In de vorige blog hebben we gezien dat Gehenna, dat in het nieuwe testament door veel vertalingen wordt weergegeven met ‘hel’, een concrete plaatsnaam is. In het Hebreeuws heet dit Gehinnom, dat is: het dal van Hinnom. Dit dal van Hinnom staat in het oude testament bekend als de plaats waar kinderoffers werden gebracht aan afgoden, een praktijk die Israël van andere volken had afgekeken. Meerdere keren wordt gezegd dat deze dingen niet in Gods hart zijn opgekomen.
een duivelse leer
Het is dan ook absurd dat religie van deze concrete plaats Gehenna, waar de meest extreme uiting van goddeloosheid gepraktiseerd werd, een mythisch oord als de hel heeft gemaakt. Men schrijft deze goddeloze gruwelijkheden aan God toe, terwijl Hij die zelf in Zijn woord scherp veroordeeld. Men claimt dat God dit ook nog eens eindeloos zou doen.
Jesaja
Ook in de toekomst zal Gehenna weer een rol spelen. De laatste hoofdstukken van Jesaja verhalen uitgebreid over de heerschappij van de Messias in de komende aeonen en de vestiging van Zijn Koninkrijk. In dit Koninkrijk zal recht worden gedaan en dat betekent dat op onrecht strenge sancties staan. Kwaad zal vergolden worden en recht worden verschaft.
Jesaja 66
24 En zij zullen uitgaan en zij zullen zien op de lijken van de mensen die tegen Mij overtraden, want hun worm zal niet sterven en hun vuur zal niet uitdoven en zij worden een afstotelijkheid voor alle vlees.
dode lichamen
De lijken van de mensen waarover hier wordt gesproken, zijn van hen, die in het Koninkrijk opstandig zijn geworden tegen de heerschappij van de Messias. In een rechtvaardig Koninkrijk zal dit niet getolereerd worden en hun lijken zullen liggen in het dal van Hinnom (Gehenna).

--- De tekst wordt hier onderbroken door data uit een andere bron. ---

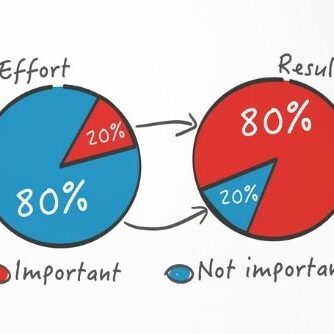 หลักการพาเรโต (Pareto)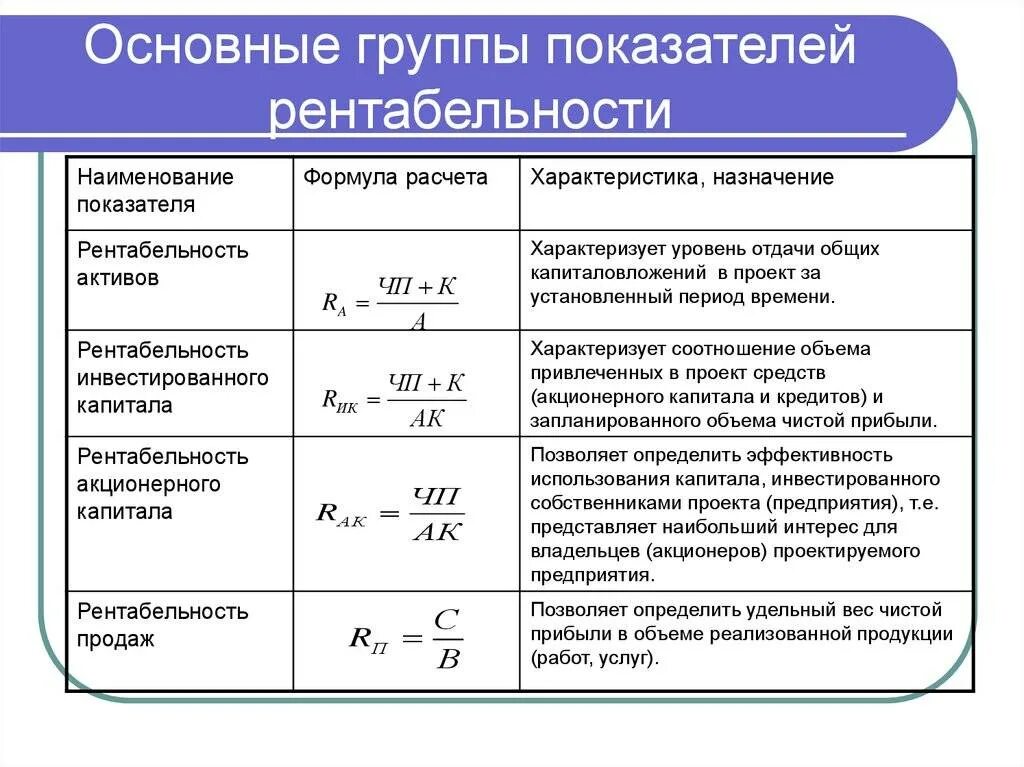 Финансовый анализ рентабельности предприятия. Рентабельность: понятие, формула расчёта. Рентабельность продаж формула по балансу. Расчет показателей рентабельности. Основные показатели рентабельности формулы.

Pelgrims uit de volkeren zullen optrekken naar Jeruzalem (Jes.2:2; Micha 4:1) en als aanschouwelijk voorbeeld zullen daar de ontbindende lijken van rebellen liggen. Op een andere plaats wordt deze plek dan ook het lijkendal genoemd (Jer.31:40). Het zal een lugubere aanblik zijn, maar met een hel heeft het niets te maken.